"People are spending millions of dollars to hobble the wind industry," said moderator Chris Tomlinson, a columnist at the Houston Chronicle. He cited sources in the state capital, Austin. He said that there are fossil fuel lobbyists in Austin who have been instructed to spend 40% of their time opposing wind.
Coal, oil and gas companies are fighting for market share, bemoaning their load loss. "They’re acting like a smart business and are no longer ignoring renewables," he added.
Currently, there is a fierce effort in Austin to track renewable energy’s federal subsidies, in particular wind, but not to account for the government money spent propping up fossil fuels.
This is according to another panelist, Jean Ryall, an Austin-based lobbyist for the renewables industry. Just the night before, as Windpower 2019 concluded its first day, she said that renewables lobbyists in the state capital managed to strip a bill of language authorising such a study.

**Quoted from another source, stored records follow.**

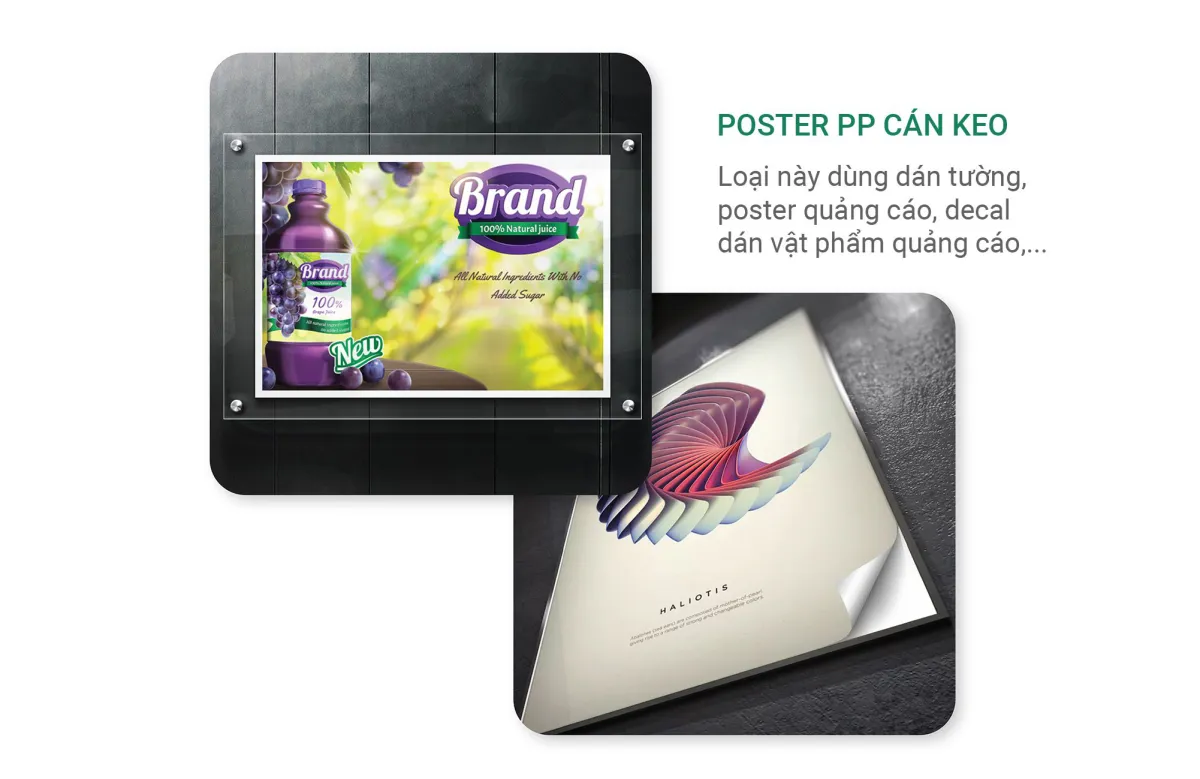 Poster PP cán keo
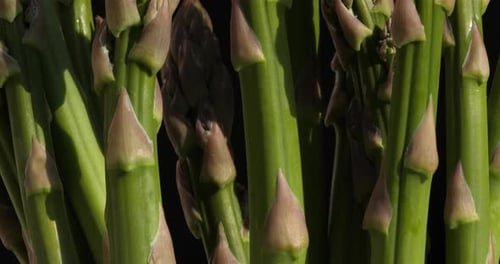 Spargel, auch Gartenspargel genannt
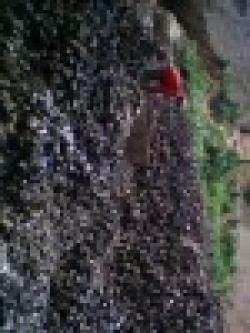 ferro manganise ore $0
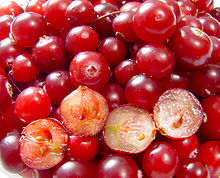 Cranberries.jpg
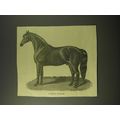 1887 Illustration of a Typical Exmoor Horse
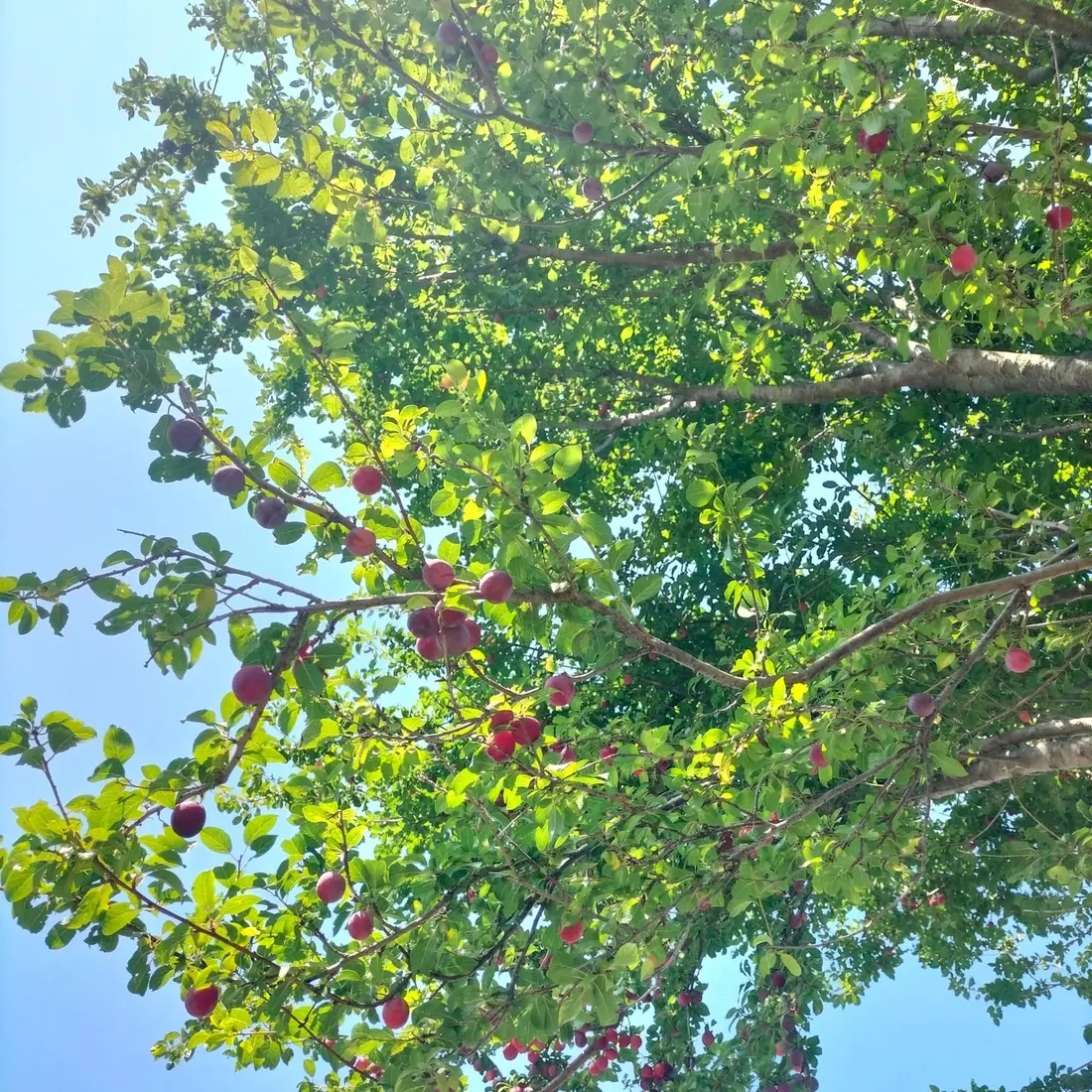 Un albero carico di frutti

Even so, Ryall predicted that an interim study on wind’s subsidies in Texas will still be conducted.
"The debate right now includes misinformation — that wind does not pay any taxes," she told attendees. Texas, a freewheeling state with minimal government regulation, does not have an income tax or renewable portfolio standard, although wind is subject to standard property taxes.
So far, it is wind that is in the sights of the intrenched incumbents—the fossil fuel industry. Ryall, however, noted between 4-15GW of solar is in the pipeline.
Electricity prices have been pushed low because of wind, which has a penetration of some 20%, said Beth Garza of ERCOT, the grid operator for almost all of Texas. Owners of other capacity thus face lower profits, she said.
Additionally, natural gas prices even dipped below zero earlier this year in the state, in part because of the boom from the rapidly accelerating shale gas industry in the Permian Basin in west Texas.
Texas, with one of the two largest oilfields in the world after Ghawar in Saudi Arabia, is home to roughly a quarter of all US wind power capacity and to 25,000 wind jobs.
The state leads the nation with nearly 25GW of cumulative installed capacity. Nor is it giving up its frontrunner status any time soon: Texas hosts 22% of wind capacity in advanced development or under construction, according to the American Wind Energy Association.